Although weekend courses have to be fun for everyone involved, meaning both children and teacher, I think that fun and learning should be balanced. If the parents pay good money to get their kids on a course, the least a teacher should do is make sure that they learn some English. This can be done using fun and games, but not exclusively. At the end of the day, learners have to put in a minimal effort if they want to achieve anything at all. By the way, the children shouldn’t just learn English, but also some sense of responsibility and the awareness that they can’t get away with everything.
In general, the boys tend to be the troublemakers, while the girls are usually better-behaved. This might explain the difference in English skills. In my experience, girls often do better than boys when it comes to learning English. I know this is a generalisation, but if there were statistics, I think they would show that I am right. Of course I agree that there exist lazy and noisy girls whose English is very poor, just as there are plenty of boys who are bright and well-behaved.
When it comes to singing, girls are usually a lot more willing to sing and a lot of them actually like it, whereas boys are often shy and reluctant. As for being cheeky or naughty, I guess girls almost equal boys. The other day, two six year old girls insisted on massaging my arm in the classrooms. I let them do it for just a few moments in order to keep them happy, but guess what, after a few minutes one of them asked me for 100 baht. I could see on her face that she was joking, but it goes to show how cheeky even the very young learners can be. Later in the lesson, a number of them ganged up on me and tried to steal my wallet out of my back pocket. I can assure you that even a small group of young children can be a handful to keep at bay, especially when there are a couple of overweight boys among them.
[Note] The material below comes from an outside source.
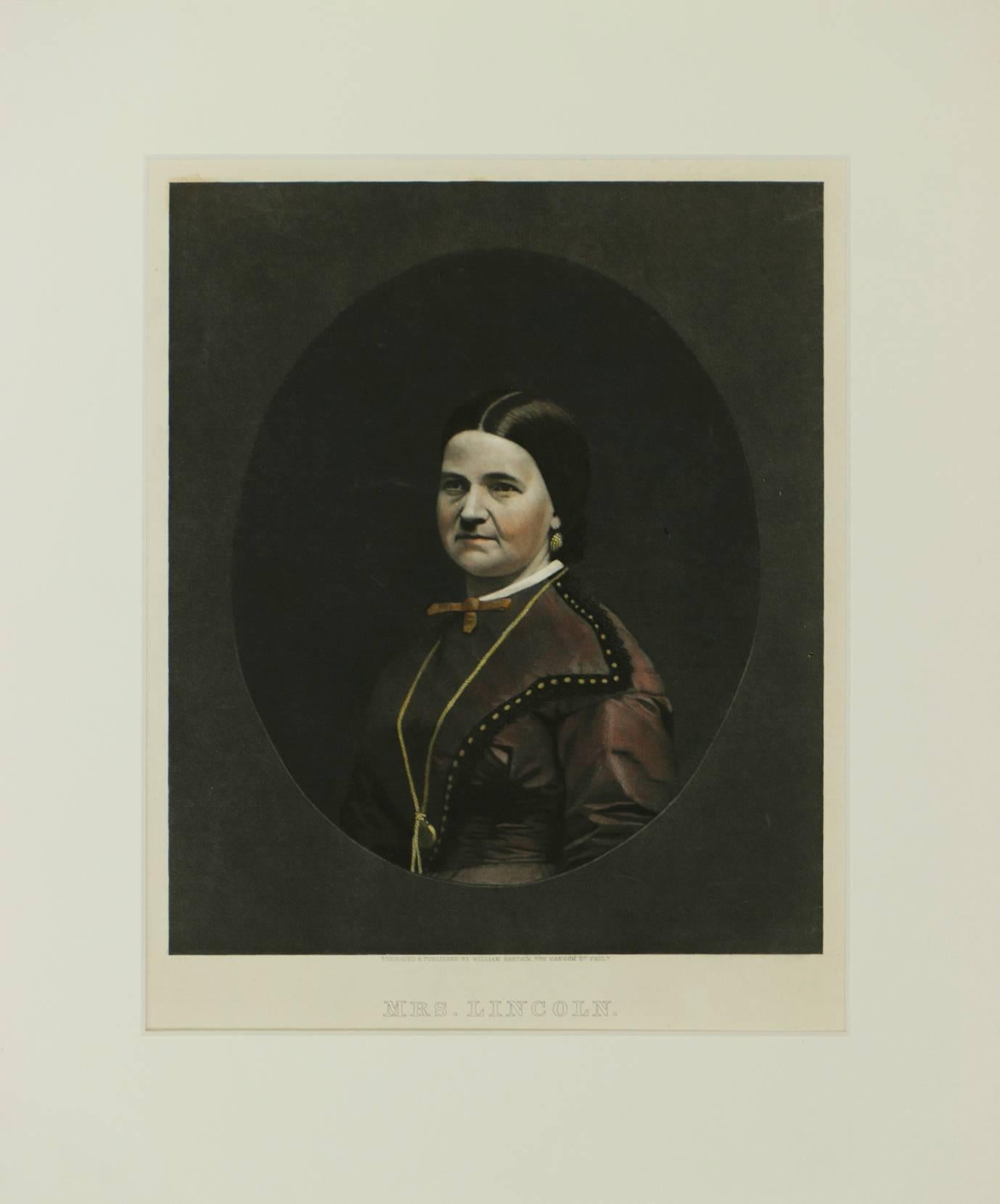 William Sartain Portrait Print - Portrait of Mrs. Lincoln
One of the normal-sized boys in that class was very bright. Bright but naughty. For example, he would draw a nicely curved W on the board and ask what it was. Before I could even open my mouth he’d proudly announce loudly to everyone present it was a bum. He then went on to draw a picture of a girl, complete with a pair of convincing assets. When he was done, two of the cheekier girls informed that the girl had “big milk”. Now what the hell do you say to that? I know I could easily have shrugged it off, but I decided to correct them so that they wouldn’t keep saying it for the rest of their lives. In fact, it is very difficult to correct mistakes children or even adults have grown used to, so I decided to tell them it wasn’t big milk, but it were big… well, uh, I was stuck for a moment. Breasts just didn’t seem the right word. Moreover, a word with two consonant clusters would have been mission impossible for them to pronounce anyway. I don’t know what the politically correct word is with children, but in the end I settled for boobs. Probably better than bazookas, beer glasses, berthas, cantaloupes, Dolly Partons, dumplings, fried eggs, grapefruits, headlights, hooters, melons, tits or twin peaks. If I’d had to do it again, I might go for the fairly neutral, perfectly-sized and easy to pronounce coconuts.
That’s it. I hope I didn’t offend any airbags or mosquito bites with my column this month. Remember, suggestions remain welcome.